Bullying is bullying no matter what you name it

We need to start this Sports Ethics blog with a definition:

“Voyeurism is the sexual interest in or practice of spying on people engaged in intimate behaviors, such as undressing, sexual activity, or other actions usually considered to be of a private nature.”

Mauldin HSFrom the Greenville News in South Carolina, writer Anna Lee penned an article (November 12, 2014) entitled: “Mauldin football players suspended, charged with voyeurism.”

According to the article:

“Two Mauldin High School football players were arrested after authorities said an inappropriate photo was shared on social media…the students were charged with aggravated voyeurism, a felony…The victim in the photo is male, and the photo was taken without his knowledge in what he thought was a private setting.”

The picture, most probably taken in a locker room, was uploaded onto social media and apparently, another student saved the photo and texted it to other students. The student whose picture was taken never granted permission. When the victim saw his own photo on the social media he went to the authorities. The two football players were booked into a detention center and have been subsequently released. The players have been charged with aggravated voyeurism, which is a felony.

This isn’t innocent fun

The students, born and raised in the digital age, are possibly not aware that even the social media poses risks and consequences. You cannot take a nude image of someone and post it on the internet without their permission. It is embarrassing, unethical and illegal.

However, if the students who are alleged to have taken and then posted the picture are not taught the consequences of their actions, chances are they are clueless. This sets up an interesting ethical debate – and we’ll get to that in a minute.

To those of you who feel that what took place was innocent fun, imagine if these same two students had drilled a hole through the wall of the women’s locker room or a women’s bathroom and posted photos of your daughter, niece or even your wife? Would you feel the same way? Would you laugh at the joke?
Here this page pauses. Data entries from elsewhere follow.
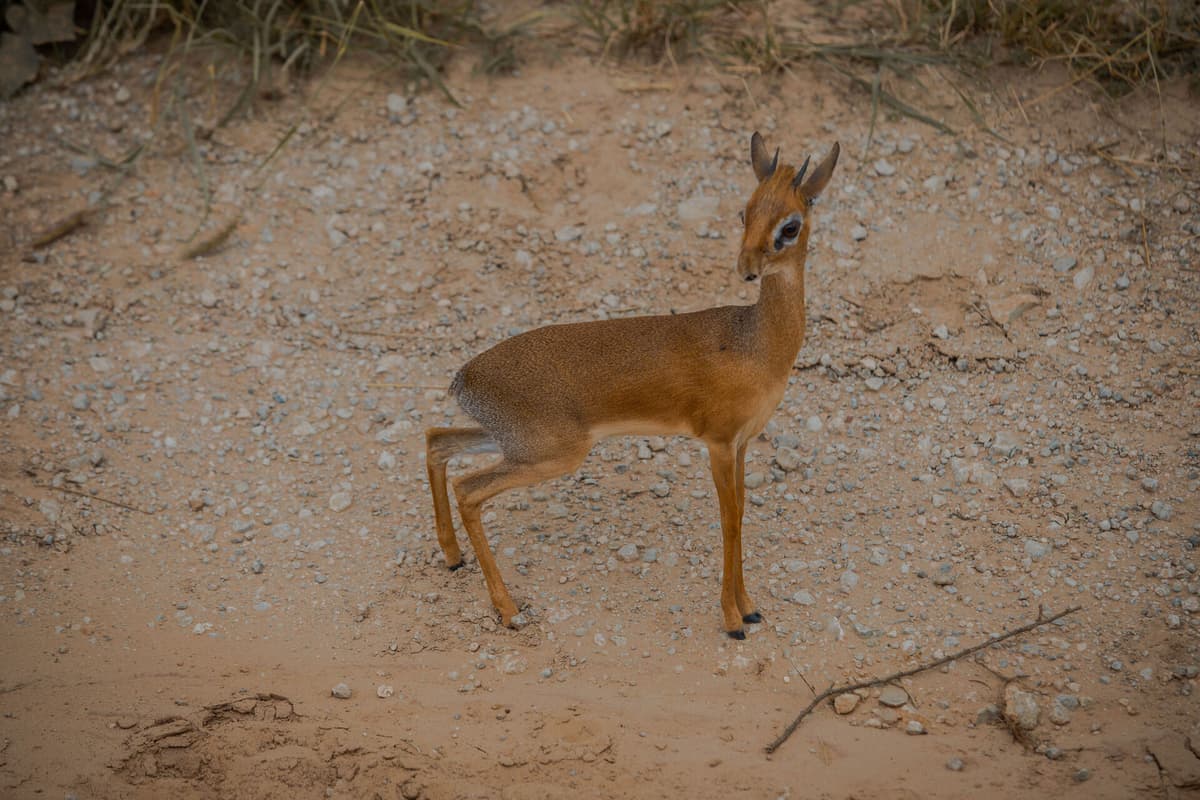 Tanzania, East Africa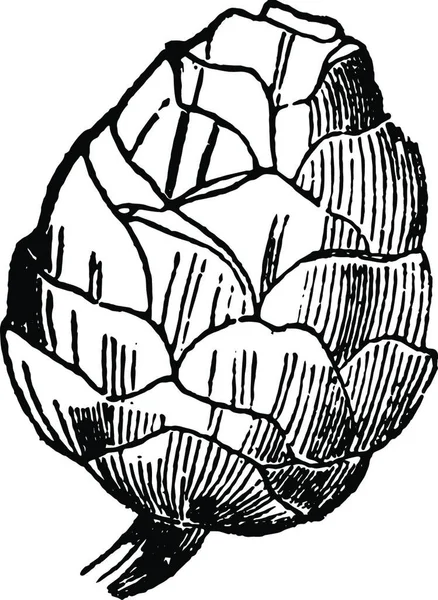 Cône Illustration Vectorielle Simple Gravée — Image vectorielle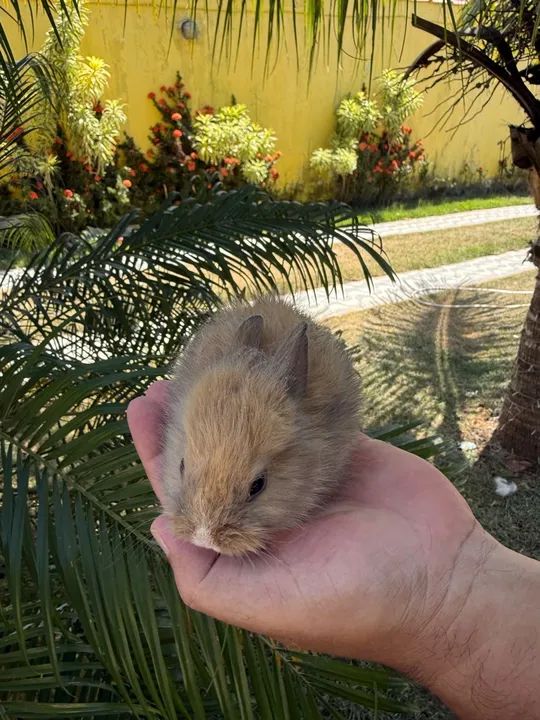 Filhotes de Mini lion a venda.  - Foto 2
Do you remember the case of Erin Andrews and the peephole incident? She was hardly amused. How about Richie Incognito and Jonathan Martin? It was a case of locker room bullying and racism and it cost Incognito his career.

There are certain social boundaries that have been established by our society. That is why, even in health clubs for adults, there are rules and/or signage that prohibit the use of cameras. Voyeurism will lead to jail time.

Choices and consequences of the social media

Why the images of this student were taken isn’t really the main issue. If they were taken without his permission, it is a not too subtle form of bullying. Someone was out to embarrass him.

However, the larger part of this issue is the improper use of the social media. I teach athletes programs that talk of the consequences of bad posts, bad tweets, inappropriate YouTube videos and all forms of cyber-bullying.

The consequences of social media misuse range from embarrassment to a loss of job to prison time and heavy fines. There are consequences to this kind of behavior but again, if student athletes are not taught that their poor choices can lead to consequences, their coaches, supervisors, directors and even parents all share in the blame.

While cyber-bullying once (tragically) led students to suicide, the laws and the social structure that now protect the victims are nothing to be toyed around with; prosecution against bullies has gotten very tough. Bullies lose in court, and even idiots who pretend to be bullies will lose.

The two students are now suspended and off the team. The consequences are just starting. Coaches, teach your athletes well.